David was born in the U.S. but moved to Liberia with his family when he was a child. The family left Liberia following a coup, and upon returning to the U.S. as a teenager, David encountered both racism and homophobia.
"I know that many LGBTQ people have similar stories, or know someone who does," he wrote. "And that is why there must be space and room for everyone in this movement, including at the Human Rights Campaign."
HRC has made much progress in the past few years, he noted, increasing recruitment of LGBTQ people of color for its staff, working with historically Black colleges and universities, and prioritizing issues that particularly affect people of color, such as voting rights. It also partnered with the NAACP to get out the vote for Doug Jones in the 2017 Alabama special election for U.S. Senate, which ultimately saw Jones, a Democrat, defeat the virulently anti-LGBTQ Republican Roy Moore.

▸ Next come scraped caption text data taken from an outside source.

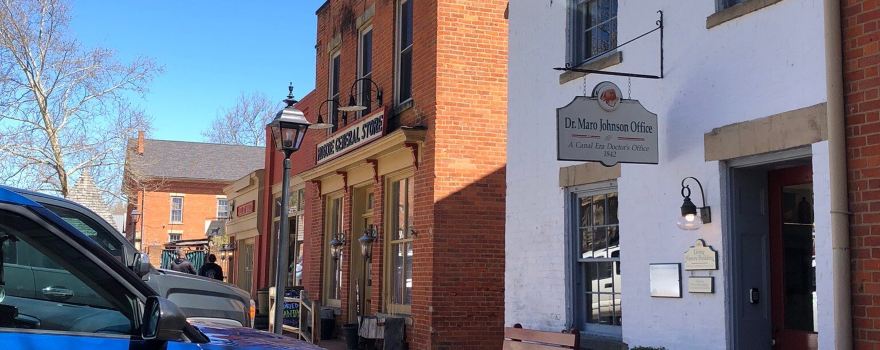 Historic Roscoe Village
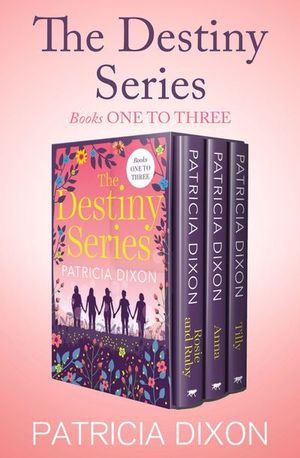 Buy The Destiny Series Books One to Three at Amazon
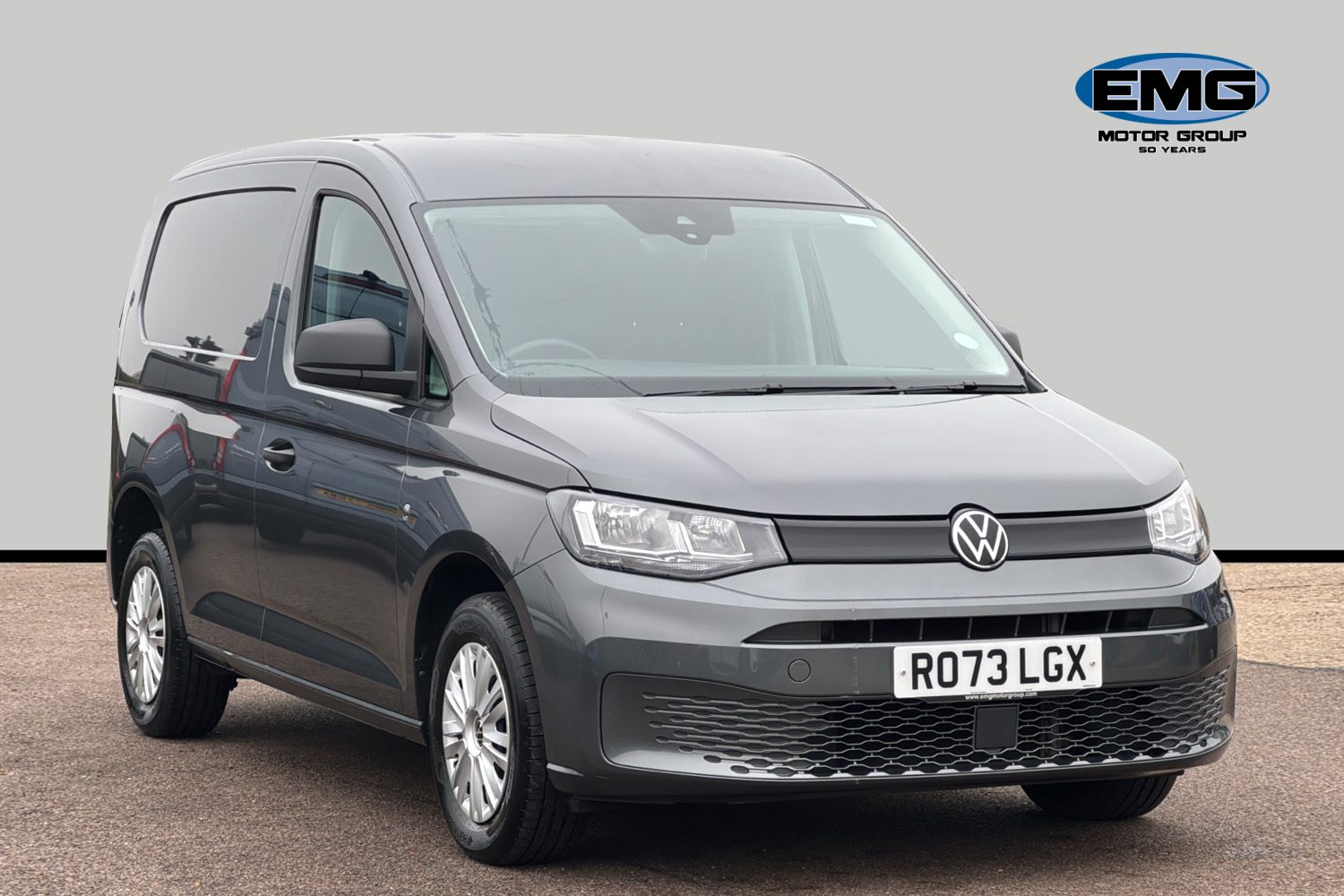 Main listing image - Volkswagen Caddy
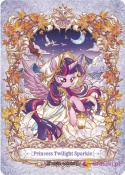 My Little Pony: Frendship Eternal Cards - Star Edition - Booster Box Display (16) karta 2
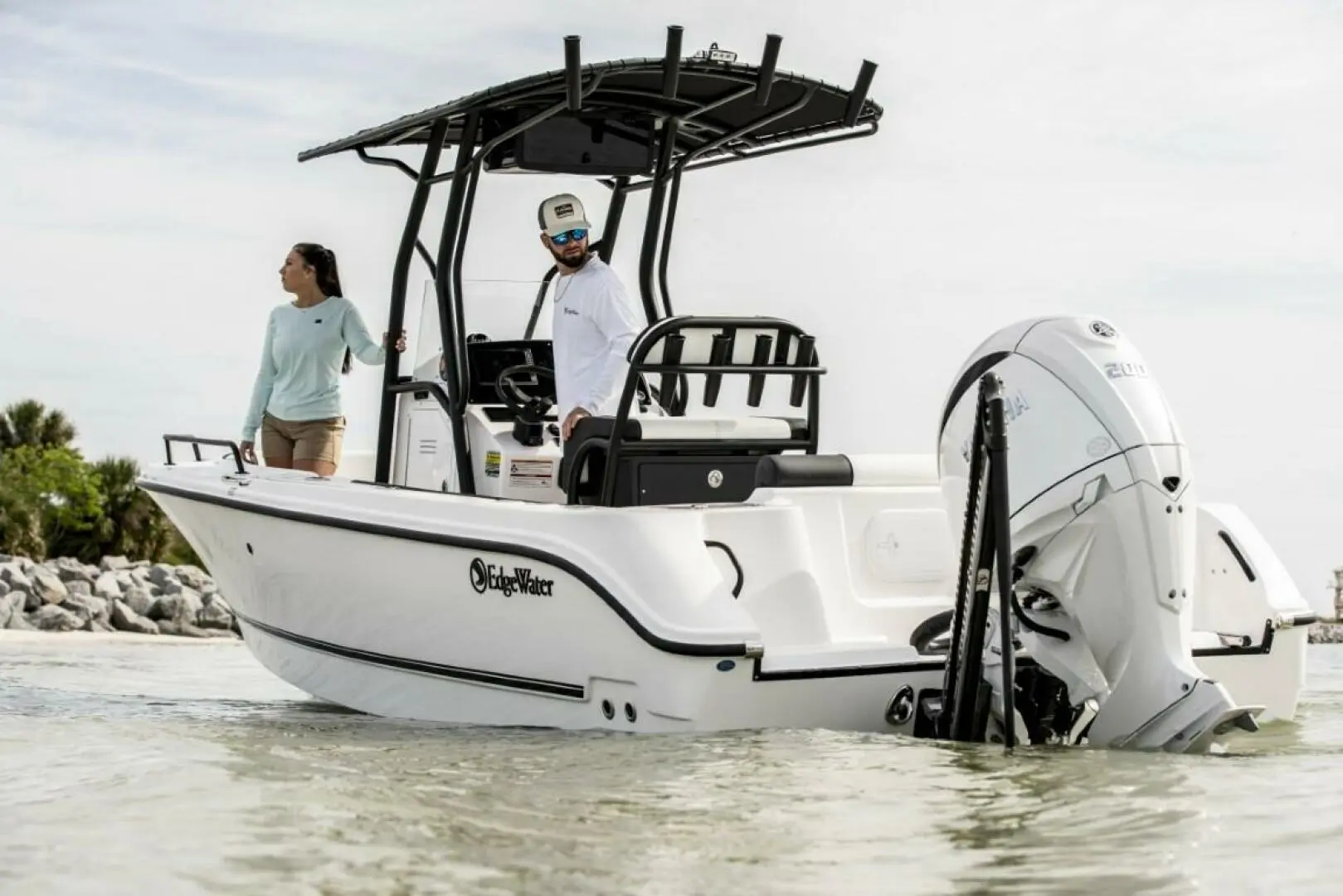 Thumbnail von Edgewater 208 CC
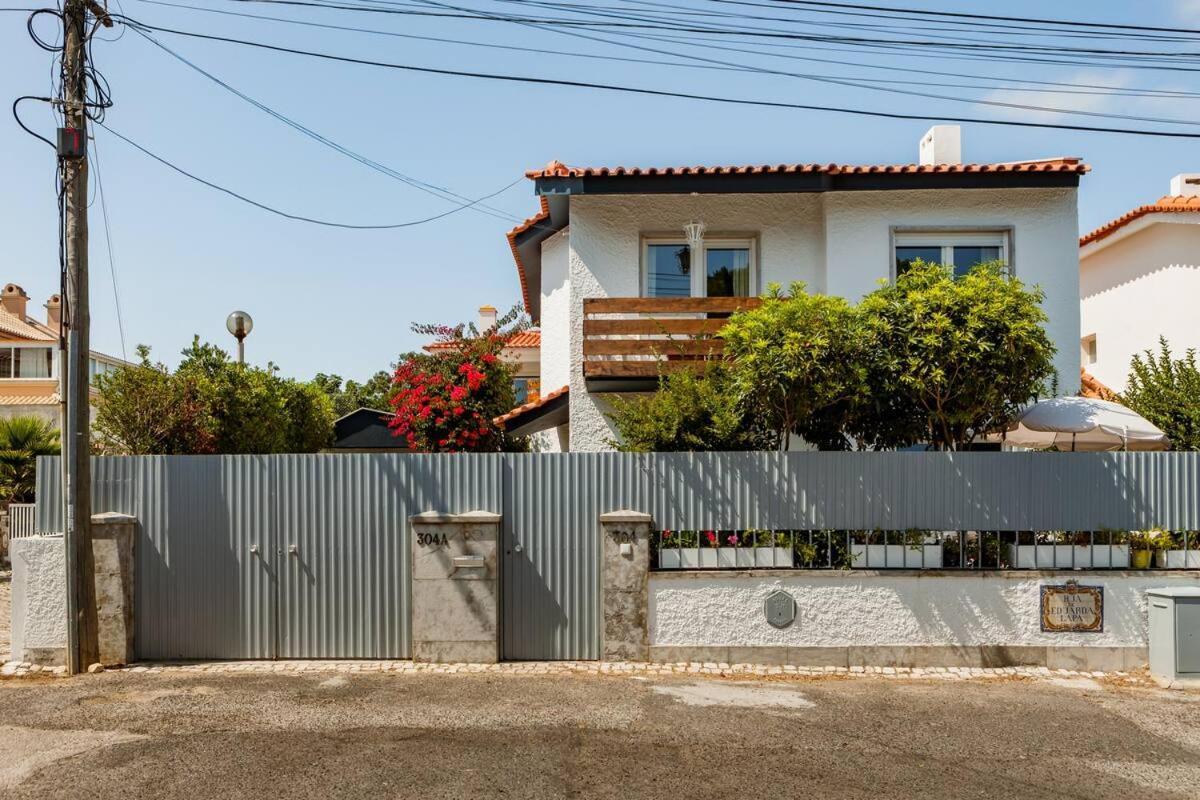 Traditional Villa In S Pedro , Estoril Alapraia Zewnętrze zdjęcie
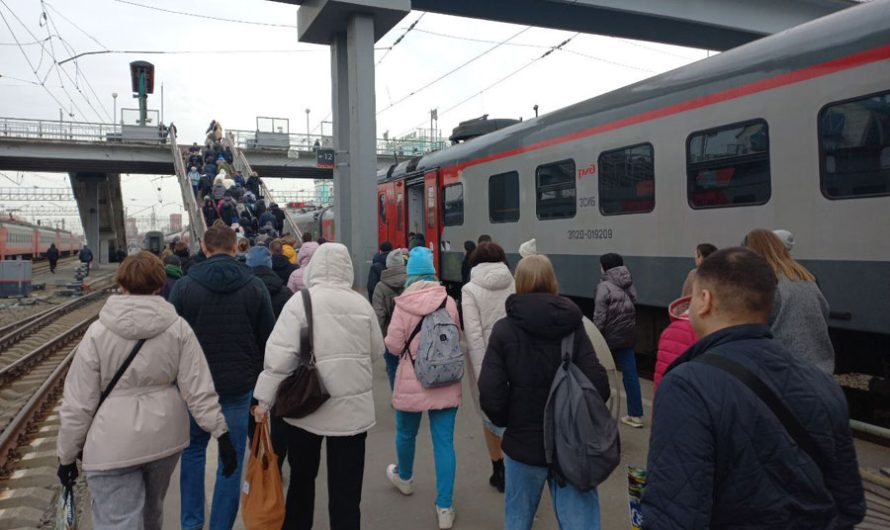 Электричка Новосибирск — Юрга возобновит движение спустя 16-летний перерыв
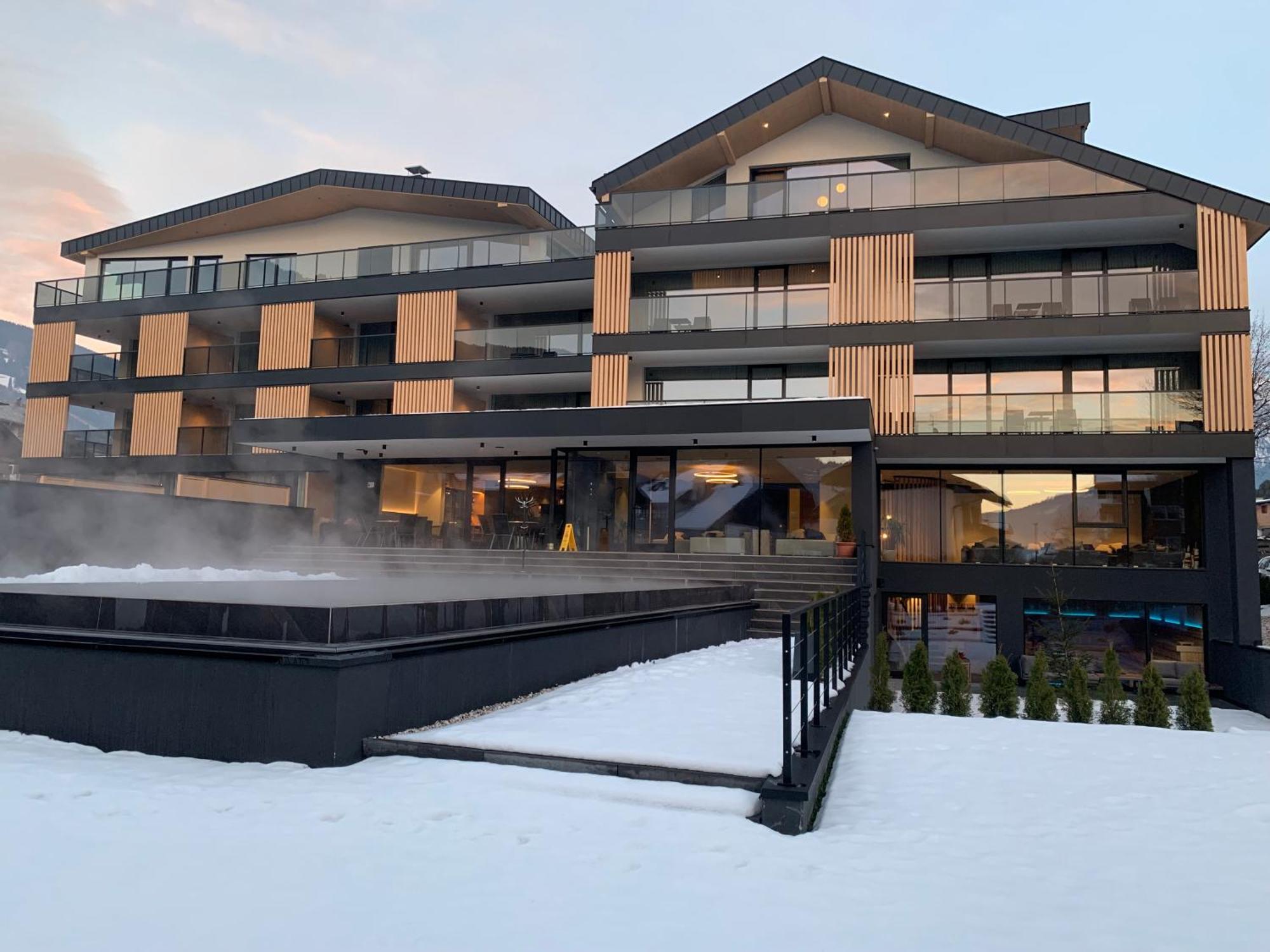 Montanaris Alpine - Active - Relax Hotel Villabassa Exterior foto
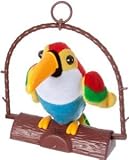 Generic Repeat Parrot Toucan (Imitates What you Say) おもちゃ (並行輸入)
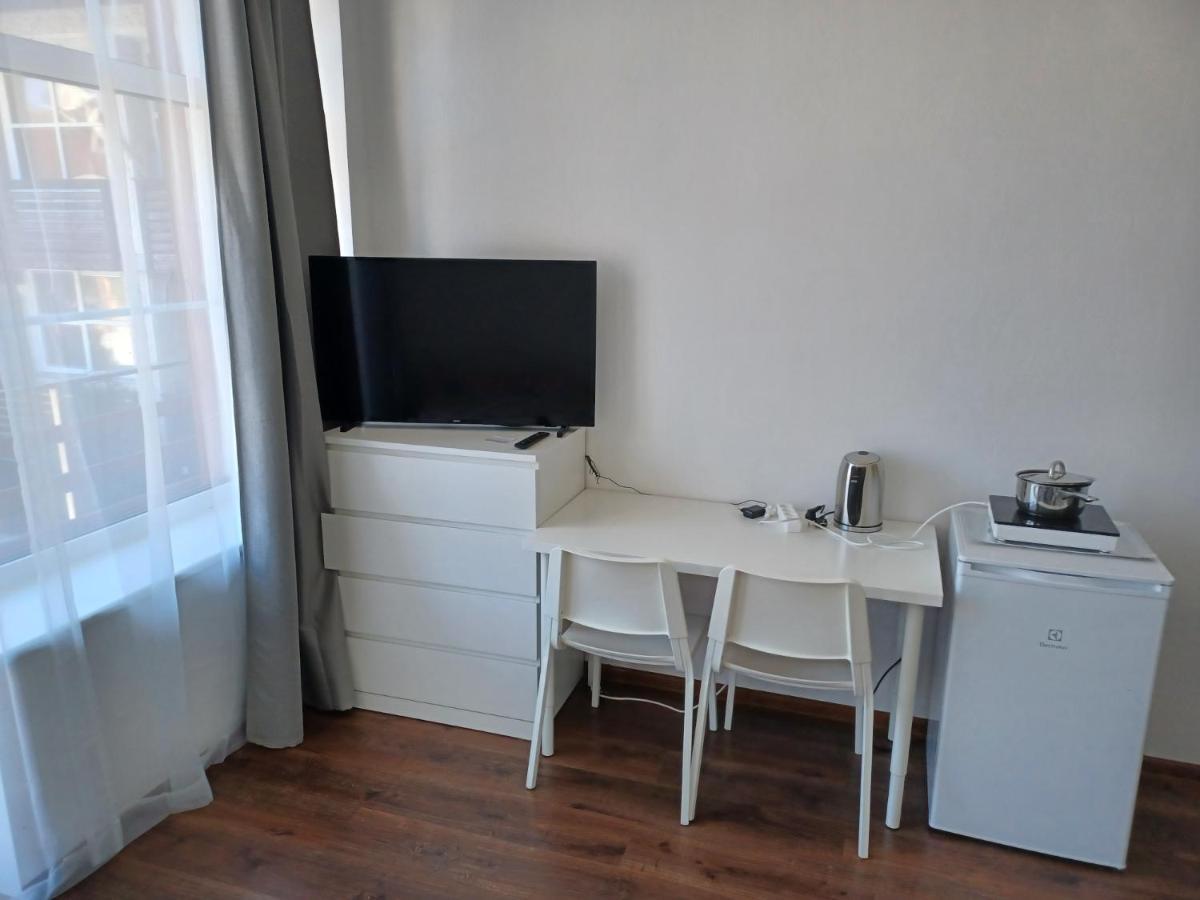 Ferienwohnung Namai Juodkranteje Exterior foto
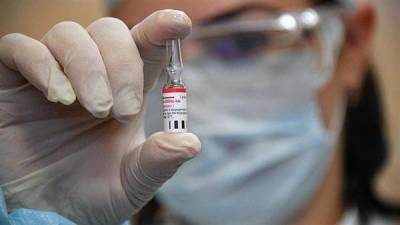 Применение вакцины "Спутник V" началось в Индии - smartmoney.one - Россия - Хайдарабад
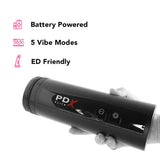 Moto Bator X Thrusting Masturbator Male Masturbators > Auto Strokers - Tophatter Daily Deals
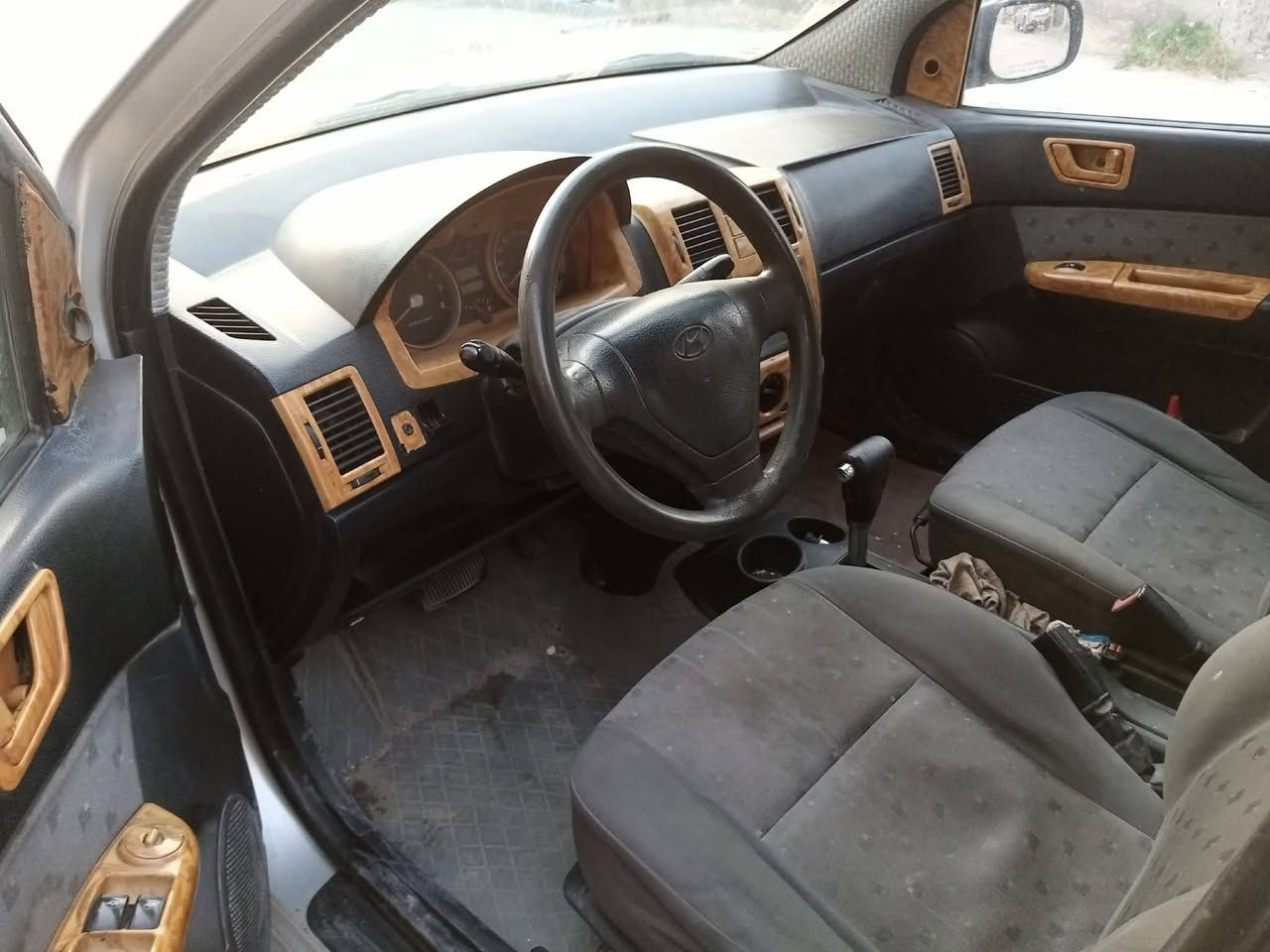 هوندا جيتز موديل ٢٠٠٥ خليجي تبريد تدفه شغاله بسمي رقم بابل نكلزي سعر ٥٥ وبيها مجال ***********بغداد مدينة الصدر حي طارق القديم
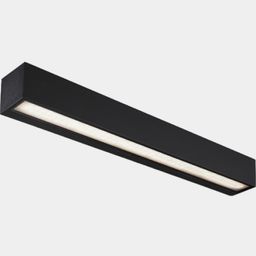 Светильник светодиодный, 20Вт, IP65, Теплый (3000К), W-1291A-20-GR-WW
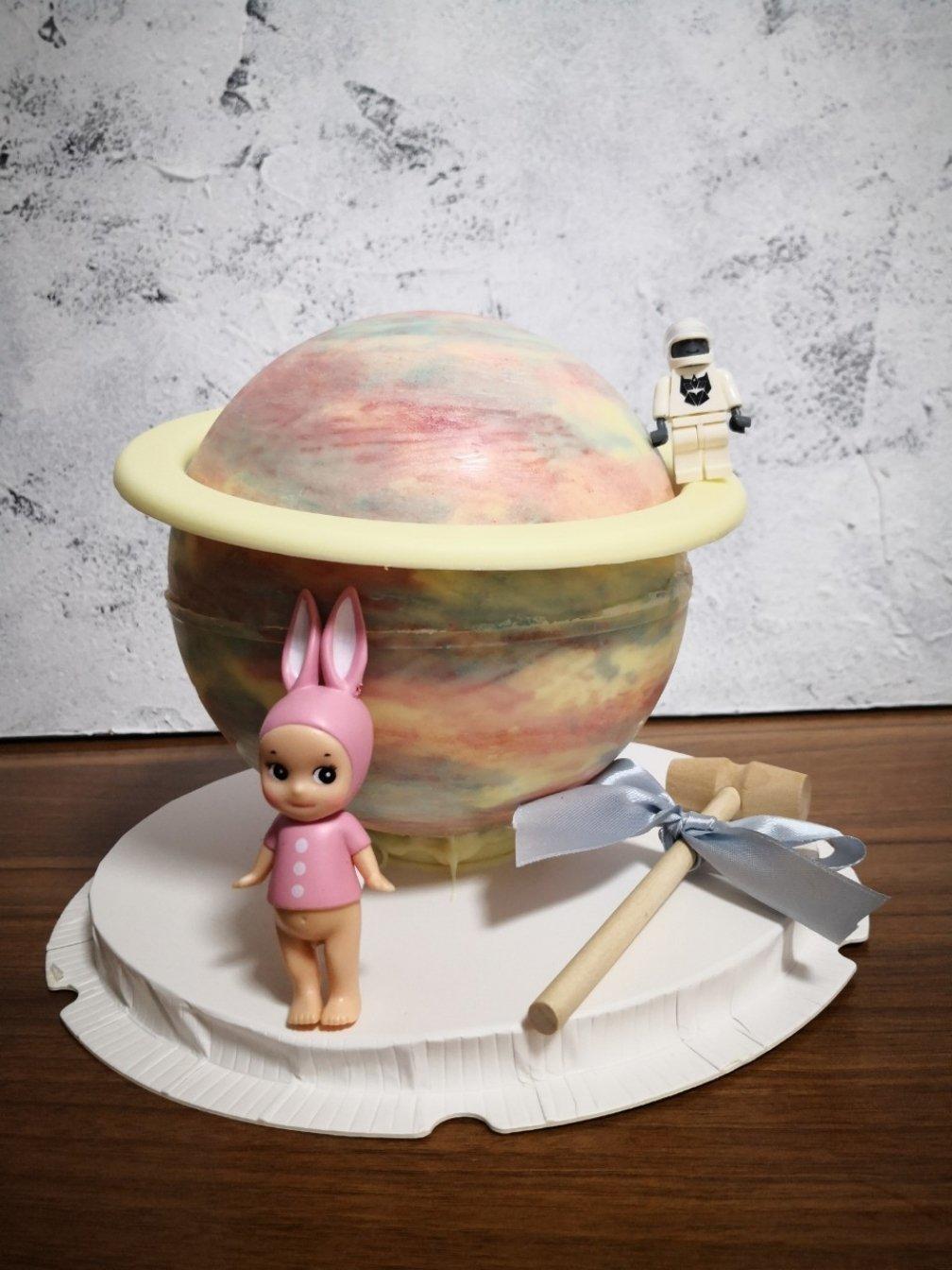 星球蛋糕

"We've done big, bold things that have expanded rights for all LGBTQ people," David observed. "But we simply cannot achieve full equality while LGBTQ people of color continue to be oppressed. We must lean into our responsibility to advocate for those within our community who are multiply marginalized and shut out by systems and institutions because they are people of color and LGBTQ. We must also address the ways racism shows up in our own community and confront it head-on."
Racial equity and inclusion "must be the core of our work," not a "sliver," he continued. This includes fighting "systems, laws and policies that disproportionately disadvantage LGBTQ people of color" and calling out anyone who promotes racist policies or rhetoric, he said, as well as assuring that the organization's staff, board, and volunteers reflect the diversity of the LGBTQ population. HRC recently adopted a statement of principles on racial equity and inclusion.
"Today, I am sharing these commitments unequivocally and publicly -- in part, to ensure that in the years to come, we will be held accountable, and that our organization put down the marker," he wrote.